◆ The data:
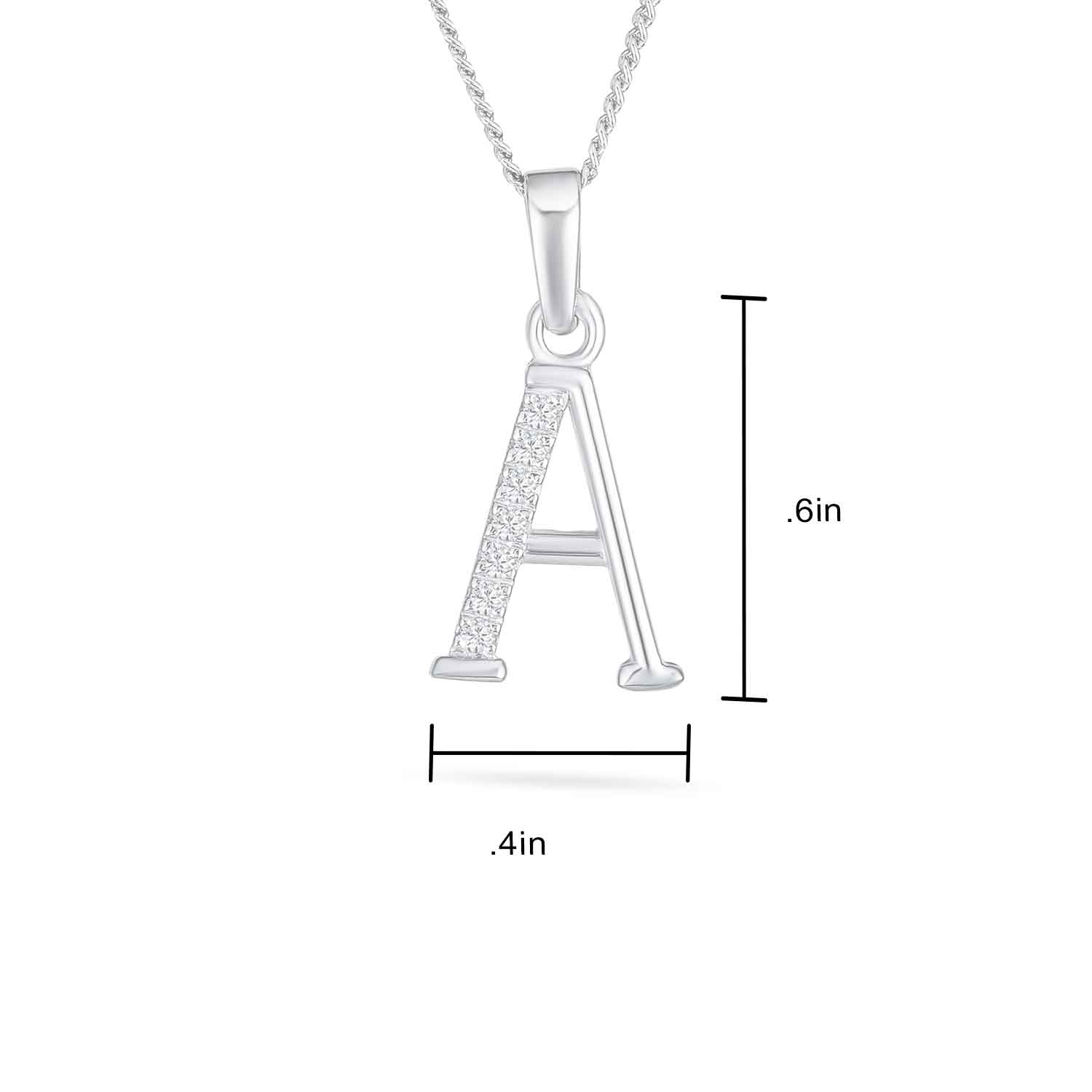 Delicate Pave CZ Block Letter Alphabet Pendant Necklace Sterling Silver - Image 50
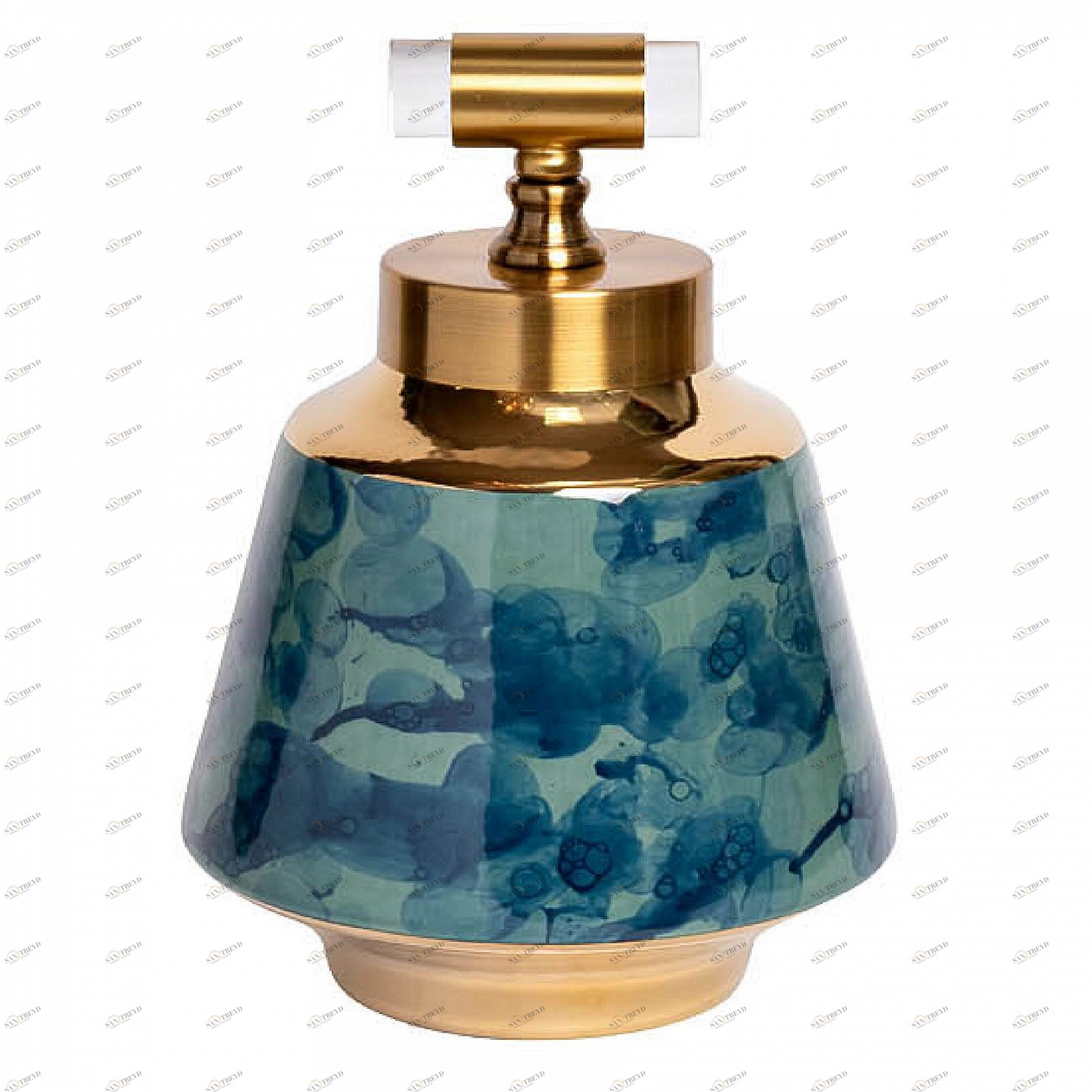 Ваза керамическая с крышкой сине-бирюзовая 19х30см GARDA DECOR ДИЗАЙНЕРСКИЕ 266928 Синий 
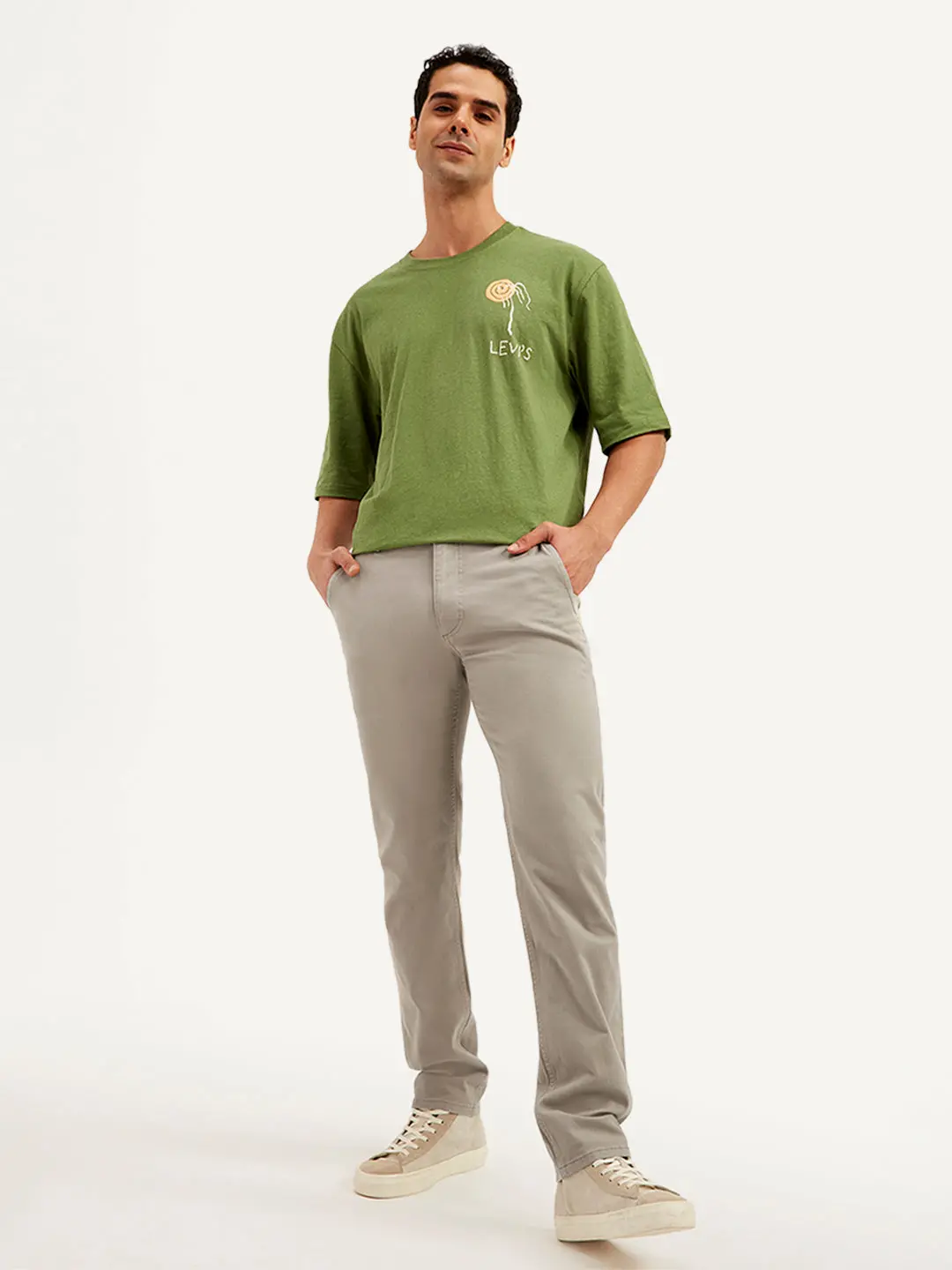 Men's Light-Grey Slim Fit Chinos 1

◆ Work order:
Exclude the images and reproduce the remaining data exactly.

◆ Result of this exercise:
 Delicate Pave CZ Block Letter Alphabet Pendant Necklace Sterling Silver - Image 50
 Ваза керамическая с крышкой сине-бирюзовая 19х30см GARDA DECOR ДИЗАЙНЕРСКИЕ 266928 Синий 
 Men's Light-Grey Slim Fit Chinos 1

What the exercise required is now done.